## Data records
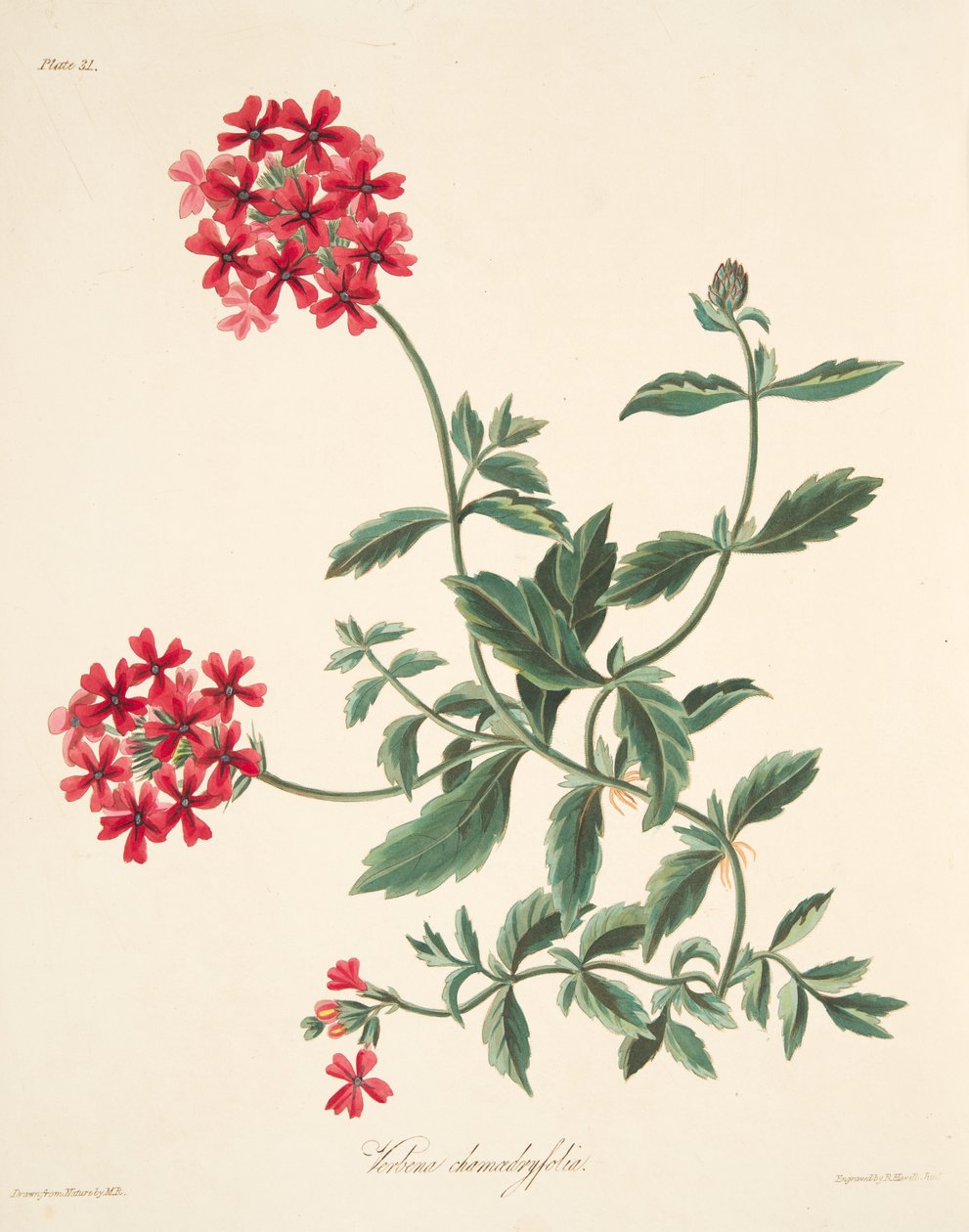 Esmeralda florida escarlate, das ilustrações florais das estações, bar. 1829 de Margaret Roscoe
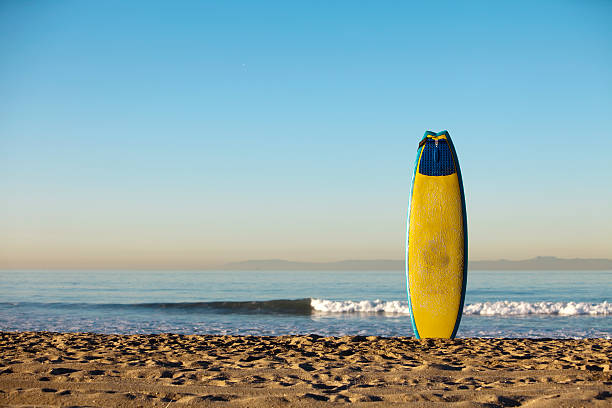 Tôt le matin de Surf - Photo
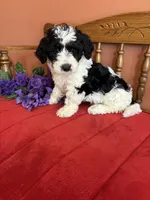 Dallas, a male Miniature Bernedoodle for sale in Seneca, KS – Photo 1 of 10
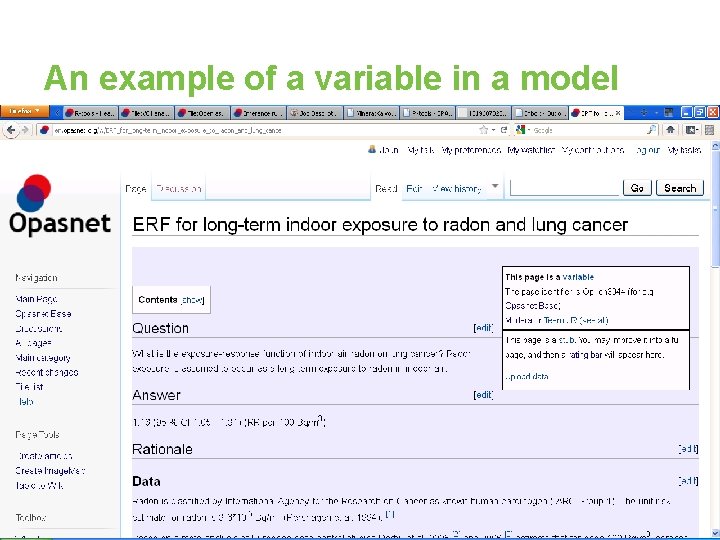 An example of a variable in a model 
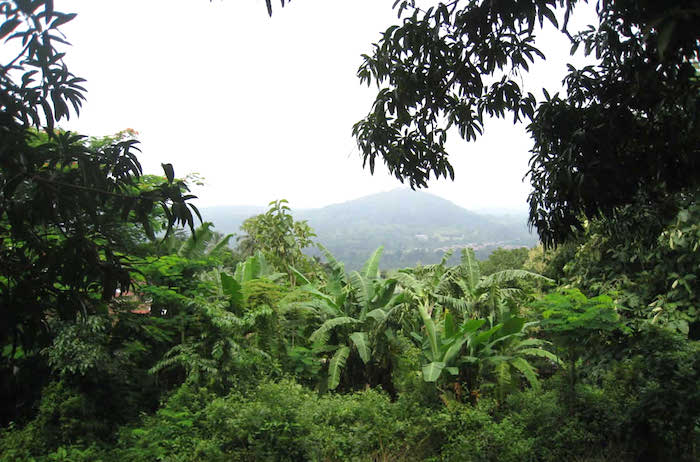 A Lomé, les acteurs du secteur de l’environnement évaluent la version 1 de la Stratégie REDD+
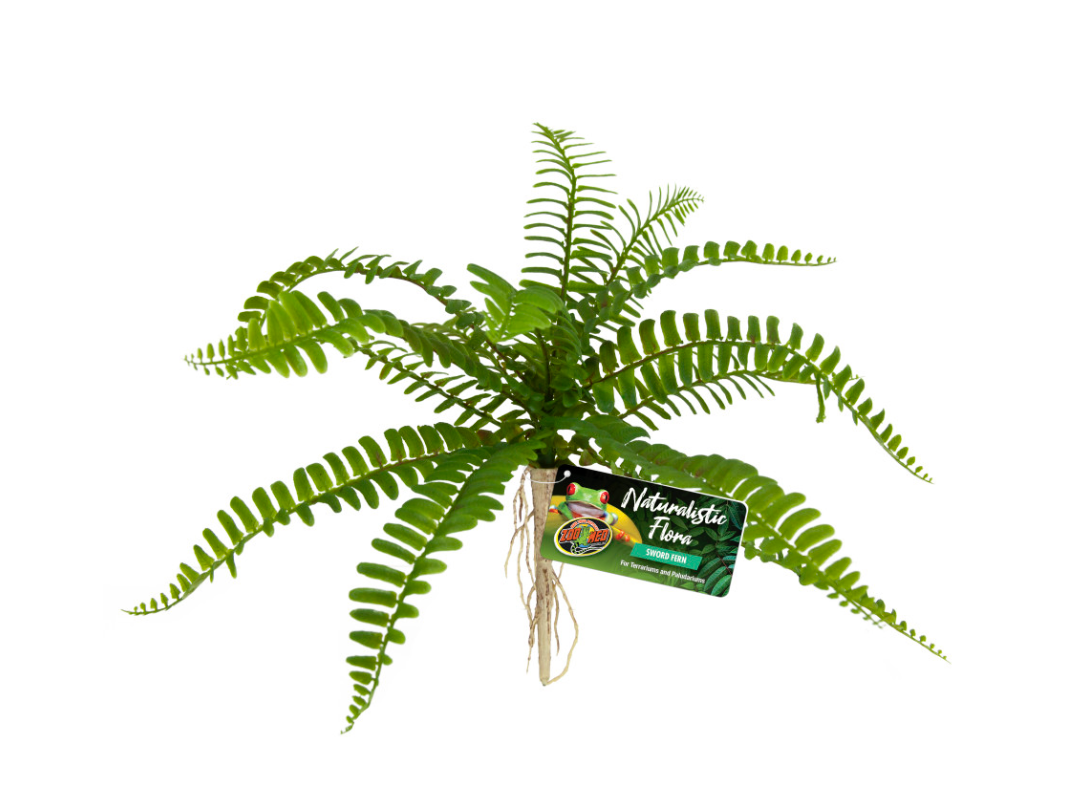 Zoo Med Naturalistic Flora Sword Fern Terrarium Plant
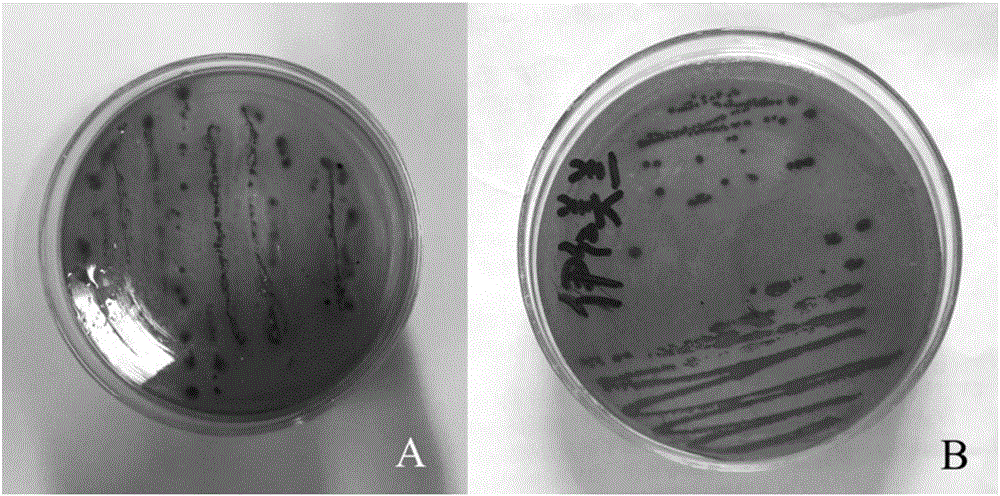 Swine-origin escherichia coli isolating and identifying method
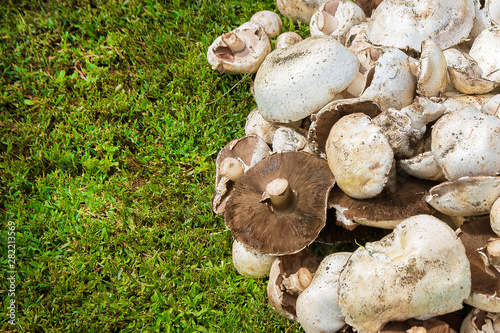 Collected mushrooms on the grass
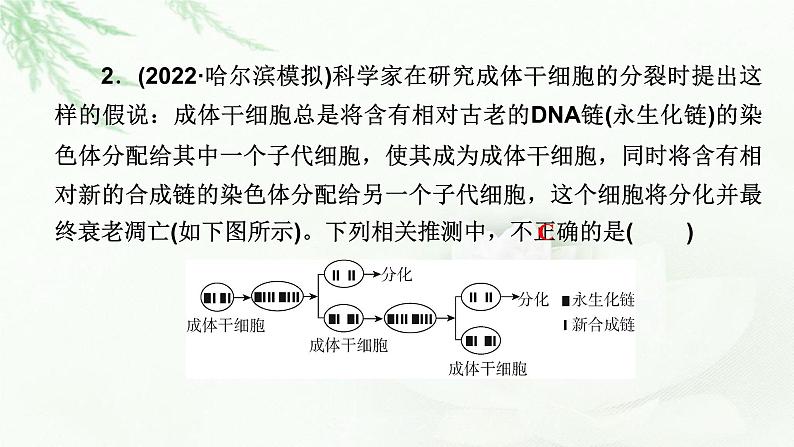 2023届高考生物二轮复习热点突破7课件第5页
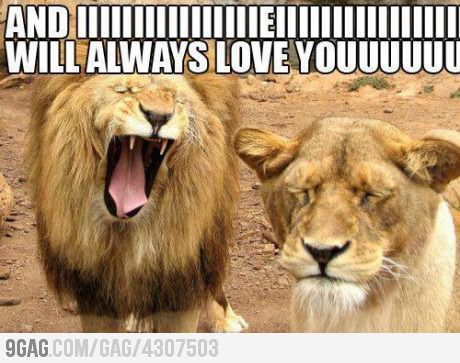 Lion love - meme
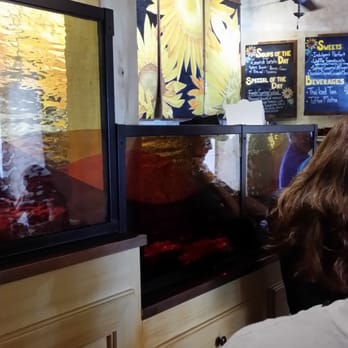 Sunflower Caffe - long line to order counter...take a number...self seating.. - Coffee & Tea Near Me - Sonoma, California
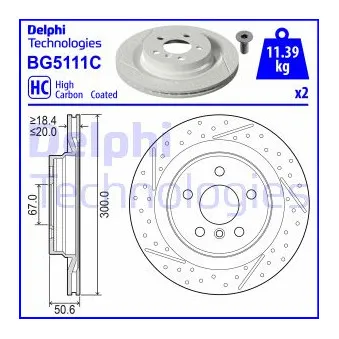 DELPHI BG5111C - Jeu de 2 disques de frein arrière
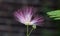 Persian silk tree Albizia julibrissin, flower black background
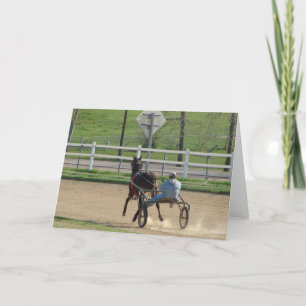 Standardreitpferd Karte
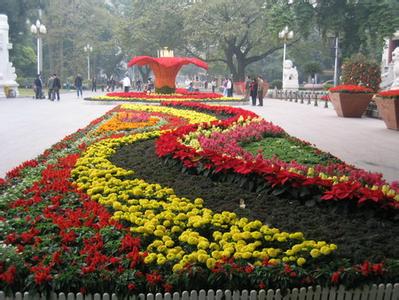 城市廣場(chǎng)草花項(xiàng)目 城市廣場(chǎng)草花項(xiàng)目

## What is needed
Using the listing above, copy exactly the lines from the one that contains "A Lomé, les" through its last line, both included, but not the pictures.

## Answer to the exercise
 A Lomé, les acteurs du secteur de l’environnement évaluent la version 1 de la Stratégie REDD+
 Zoo Med Naturalistic Flora Sword Fern Terrarium Plant
 Swine-origin escherichia coli isolating and identifying method
 Collected mushrooms on the grass
 2023届高考生物二轮复习热点突破7课件第5页
 Lion love - meme
 Sunflower Caffe - long line to order counter...take a number...self seating.. - Coffee & Tea Near Me - Sonoma, California
 DELPHI BG5111C - Jeu de 2 disques de frein arrière
 Persian silk tree Albizia julibrissin, flower black background
 Standardreitpferd Karte
 城市廣場(chǎng)草花項(xiàng)目 城市廣場(chǎng)草花項(xiàng)目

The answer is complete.